Balance of forces to change after “indicator” elections

 

 

 

  • The Civic Democrats announced that they were forging ahead with plans for a new rightist faction in the European Parliament, co-operating with parties from Britain, Poland, the Czech Republic and other member states (every faction in the 736-seat European Parliament has to be composed of at least 25 MEPs, representing at least seven of the 27 EU member countries, the latter criteria is questioned to be completed).
  • Former PM Mirek Topolánek described the result as a comeback after his party’s previous battering in regional and Senate elections. Social Democrat leader Jiří Paroubek said there would be a different turnout in the autumn elections since it would be fought on different issues.
  • Martin Bursík has resigned as leader of the Greens: his party received just two percent of the vote, falling well short of the five-percent threshold needed to win any seats.
  • Five MPs have quit the Christian Democrats, the fourth biggest grouping in the Czech lower house. There are only eight MPs left in the deputies group of the Christian Democrats, which is headed by the party’s new leader Cyril Svoboda.
  • The centre-right party TOP 09, launched few days after the EU elections by former finance minister Miroslav Kalousek says it is receiving hundreds of requests for membership. A flash poll conducted by the STEM research centre at the weekend suggested that the new party could receive as much as 40% voter support in the early elections scheduled to take place in October. TOP 09 is currently being led by former foreign minister Karel Schwarzenberg, who held that post on behalf of the Green Party and is consistently ranked the country’s most popular politician.
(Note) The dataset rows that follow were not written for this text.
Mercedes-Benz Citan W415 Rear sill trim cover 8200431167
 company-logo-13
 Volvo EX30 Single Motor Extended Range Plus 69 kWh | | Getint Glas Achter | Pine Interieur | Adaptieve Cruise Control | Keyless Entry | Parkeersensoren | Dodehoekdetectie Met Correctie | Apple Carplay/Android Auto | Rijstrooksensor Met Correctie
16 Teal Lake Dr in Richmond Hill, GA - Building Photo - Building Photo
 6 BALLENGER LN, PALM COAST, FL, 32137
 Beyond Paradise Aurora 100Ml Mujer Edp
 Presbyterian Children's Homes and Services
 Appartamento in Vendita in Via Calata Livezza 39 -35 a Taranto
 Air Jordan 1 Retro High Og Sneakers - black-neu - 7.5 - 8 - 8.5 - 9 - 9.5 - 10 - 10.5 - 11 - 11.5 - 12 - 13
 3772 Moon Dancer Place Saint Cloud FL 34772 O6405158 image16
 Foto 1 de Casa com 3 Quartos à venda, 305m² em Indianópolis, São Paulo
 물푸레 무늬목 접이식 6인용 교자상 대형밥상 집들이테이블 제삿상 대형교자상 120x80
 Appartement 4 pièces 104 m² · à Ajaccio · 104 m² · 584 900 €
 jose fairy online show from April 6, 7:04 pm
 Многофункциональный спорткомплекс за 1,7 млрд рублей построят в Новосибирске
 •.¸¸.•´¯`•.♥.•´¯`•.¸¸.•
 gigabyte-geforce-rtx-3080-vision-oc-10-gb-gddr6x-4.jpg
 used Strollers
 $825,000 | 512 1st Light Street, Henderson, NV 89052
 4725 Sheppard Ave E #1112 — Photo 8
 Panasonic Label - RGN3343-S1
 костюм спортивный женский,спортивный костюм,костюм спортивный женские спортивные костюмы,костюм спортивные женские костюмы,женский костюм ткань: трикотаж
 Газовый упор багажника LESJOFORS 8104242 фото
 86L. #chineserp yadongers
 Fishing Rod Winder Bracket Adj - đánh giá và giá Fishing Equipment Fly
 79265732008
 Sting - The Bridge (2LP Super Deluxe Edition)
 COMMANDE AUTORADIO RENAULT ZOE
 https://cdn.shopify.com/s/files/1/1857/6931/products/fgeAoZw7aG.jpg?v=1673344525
Analysis and forecast (↓ decreasing risk)

 


The European election is seen as an indicator of party strengths ahead of early general elections in October; however, balance of forces can change radically in the next few months. Moreover, according to Median’s poll which was carried out only a few days after the EP elections, the CSSD would gain 36 percent, while ODS would garner 28 percent of the vote at general elections.


Since turnout was extremely low on the 7th of June, the outcome of a general election can basically differ from the EP elections’, while it seems very likely that most social democratic voters did not participate, protesting against their party’s participation in the caretaker government, but this basis is expected to be reactivated during the campaign.


The new party can overwrite the political map in the country. According to a poll carried out by Factum Invenio, Mr Schwarzenberg’s personal popularity plays a significant role in the party’s support: almost 50 percent said they thought Mr Schwarzenberg’s patronage would benefit the party, and 44 percent believe that TOP 09 will succeed in making it into Parliament. The election results mostly depend on former KDH and Green voters, the activity of the social democrats and the political direction of the new party.